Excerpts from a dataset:
Segment Open

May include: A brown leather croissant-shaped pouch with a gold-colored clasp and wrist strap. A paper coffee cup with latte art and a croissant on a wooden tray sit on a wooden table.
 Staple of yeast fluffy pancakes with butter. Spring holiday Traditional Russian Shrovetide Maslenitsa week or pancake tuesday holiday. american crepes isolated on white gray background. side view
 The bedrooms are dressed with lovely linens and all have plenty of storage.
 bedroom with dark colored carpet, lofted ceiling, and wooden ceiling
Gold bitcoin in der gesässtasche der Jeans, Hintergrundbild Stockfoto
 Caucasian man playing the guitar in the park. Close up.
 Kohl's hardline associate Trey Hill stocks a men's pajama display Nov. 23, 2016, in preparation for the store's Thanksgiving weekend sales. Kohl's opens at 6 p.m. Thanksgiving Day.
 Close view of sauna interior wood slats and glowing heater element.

Segment Closed

▸ TASK PROMPT
Nothing in the entries above may be left out; retype them all exactly.

▸ ANSWER SECTION
May include: A brown leather croissant-shaped pouch with a gold-colored clasp and wrist strap. A paper coffee cup with latte art and a croissant on a wooden tray sit on a wooden table.
 Staple of yeast fluffy pancakes with butter. Spring holiday Traditional Russian Shrovetide Maslenitsa week or pancake tuesday holiday. american crepes isolated on white gray background. side view
 The bedrooms are dressed with lovely linens and all have plenty of storage.
 bedroom with dark colored carpet, lofted ceiling, and wooden ceiling
Gold bitcoin in der gesässtasche der Jeans, Hintergrundbild Stockfoto
 Caucasian man playing the guitar in the park. Close up.
 Kohl's hardline associate Trey Hill stocks a men's pajama display Nov. 23, 2016, in preparation for the store's Thanksgiving weekend sales. Kohl's opens at 6 p.m. Thanksgiving Day.
 Close view of sauna interior wood slats and glowing heater element.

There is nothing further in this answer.